A principios del siglo XX, el socialismo parecía ser la respuesta a la barbarie capitalista, sin embargo, hay serias dudas de que lo que en su momento se llamó “socialismo realmente existente” haya sido tal, porque en la práctica era un capitalismo de Estado, ya que los medios de producción no se socializaron sino se estatizaron, cancelando las libertades civiles que se supone deberían de haber sido potenciadas. Para marxistas críticos como Adolfo Sánchez Vázquez, el socialismo, o es democrático, o no es socialismo. En consecuencia, el resultado de este “socialismo” no constituyó ninguna alternativa libertaria sino un totalitarismo que ahogó estas aspiraciones por las que se luchó.
Ahora bien, retomo esta referencia histórica porque creo que la búsqueda de una alternativa al capitalismo es no sólo vigente y necesaria, sino urgente, pero que es ineludible realizar una autocrítica de ese pasado ominoso, pues no se puede pretender construir un nuevo orden social basado en la justicia o equidad y en la democracia entendida como forma de vida, sin haber hecho un ajuste de cuentas con las atrocidades del estalinismo y otros regímenes genocidas que en nombre del socialismo cometieron toda clase de infamias.

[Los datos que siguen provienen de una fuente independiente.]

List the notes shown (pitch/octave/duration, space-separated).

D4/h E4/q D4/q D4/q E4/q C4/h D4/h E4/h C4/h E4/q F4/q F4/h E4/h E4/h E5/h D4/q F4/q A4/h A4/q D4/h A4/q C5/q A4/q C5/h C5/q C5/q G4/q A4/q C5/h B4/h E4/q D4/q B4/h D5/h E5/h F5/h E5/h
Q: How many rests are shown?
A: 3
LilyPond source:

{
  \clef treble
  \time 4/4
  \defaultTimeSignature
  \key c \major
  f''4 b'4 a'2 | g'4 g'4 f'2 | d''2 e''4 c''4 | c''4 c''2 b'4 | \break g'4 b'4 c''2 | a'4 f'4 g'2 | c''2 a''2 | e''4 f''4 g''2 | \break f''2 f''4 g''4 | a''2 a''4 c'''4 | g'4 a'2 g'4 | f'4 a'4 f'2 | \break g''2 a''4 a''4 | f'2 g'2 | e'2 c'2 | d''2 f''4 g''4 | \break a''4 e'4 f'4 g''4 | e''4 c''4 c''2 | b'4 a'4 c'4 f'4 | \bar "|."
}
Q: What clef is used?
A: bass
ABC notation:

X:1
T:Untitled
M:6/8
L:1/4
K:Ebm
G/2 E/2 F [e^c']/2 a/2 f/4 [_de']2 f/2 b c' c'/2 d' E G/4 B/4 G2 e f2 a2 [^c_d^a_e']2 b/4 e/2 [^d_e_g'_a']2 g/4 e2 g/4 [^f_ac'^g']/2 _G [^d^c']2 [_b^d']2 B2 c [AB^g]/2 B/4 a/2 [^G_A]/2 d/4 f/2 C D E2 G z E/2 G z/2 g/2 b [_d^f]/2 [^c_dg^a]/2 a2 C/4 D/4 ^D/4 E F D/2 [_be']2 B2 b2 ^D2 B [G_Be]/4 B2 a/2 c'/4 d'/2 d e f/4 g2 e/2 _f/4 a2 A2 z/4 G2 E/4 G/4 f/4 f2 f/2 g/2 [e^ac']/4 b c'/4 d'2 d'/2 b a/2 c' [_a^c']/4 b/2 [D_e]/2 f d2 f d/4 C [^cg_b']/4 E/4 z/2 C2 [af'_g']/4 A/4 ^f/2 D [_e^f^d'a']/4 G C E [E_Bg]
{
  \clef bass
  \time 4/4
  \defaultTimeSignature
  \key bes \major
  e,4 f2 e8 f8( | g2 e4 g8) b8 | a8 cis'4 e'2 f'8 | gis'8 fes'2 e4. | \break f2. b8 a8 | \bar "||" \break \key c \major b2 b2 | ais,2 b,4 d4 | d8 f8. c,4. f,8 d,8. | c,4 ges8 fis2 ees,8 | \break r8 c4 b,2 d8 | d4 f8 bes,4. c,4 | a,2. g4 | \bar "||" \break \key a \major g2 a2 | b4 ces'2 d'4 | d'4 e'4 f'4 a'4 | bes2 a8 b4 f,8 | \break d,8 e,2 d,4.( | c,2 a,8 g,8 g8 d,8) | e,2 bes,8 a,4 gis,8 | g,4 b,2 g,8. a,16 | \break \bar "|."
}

Por todo ello, considero importante replantearse otras estrategias para cumplir con los objetivos de justicia y democracia, empezando por profundizar esta última como una democracia participativa, es decir, no suplantando a la democracia representativa sino complementándola, lo que implica socializar el poder político en términos del “mandar obedeciendo”. En otras palabras, el socialismo que está a nuestro alcance no es de orden económico sino político, de manera que socializar significa democratizar, siendo ésta socialización el camino más adecuado para cumplir con la vocación de las izquierdas, pues su implementación efectiva y auténtica nos permitiría construir una comunidad de sentido para conquistar el poder y desde ahí emprender los cambios sociales, económicos, jurídicos, etc., que contribuyan a edificar una sociedad más justa y equitativa, sin conculcar desde luego los derechos legítimos de la libre empresa y la libre competencia política de otras expresiones políticas e ideológicas.
Para terminar mi intervención, me parece claro que si se sigue por la vía de reproducir los esquemas de dominación, no se podrá avanzar en una transformación de la sociedad en los términos propuestos, puesto que si no se involucra a los ciudadanos como verdaderos sujetos del cambio en vez de objetos del mismo, no se podrá generar las condiciones necesarias y suficientes para construir un poder popular. Es necesario por tanto abonar a una participación auténtica de la gente que permita el surgimiento de una conciencia política basada en un horizonte de sentido, lo que implica entre otras cosas detonar procesos educativos no sólo teóricos sino vivenciales, proporcionar a las bases una información oportuna y adecuada, y establecer relaciones horizontales en el seno de la organización. Si logramos una vida interna institucional respetuosa, con un debate fecundo y honramos los procedimientos democráticos que figuran en el discurso, estaremos prefigurando a la manera gramsciana, la sociedad que queremos para todos, lo que indica que el cambio empieza por nosotros mismos.
Nota: Ponencia presentada en la Asamblea Municipal del PRD celebrada en Tepic, Nayarit el domingo 16 de enero de 2011 en la mesa de Reforma Política.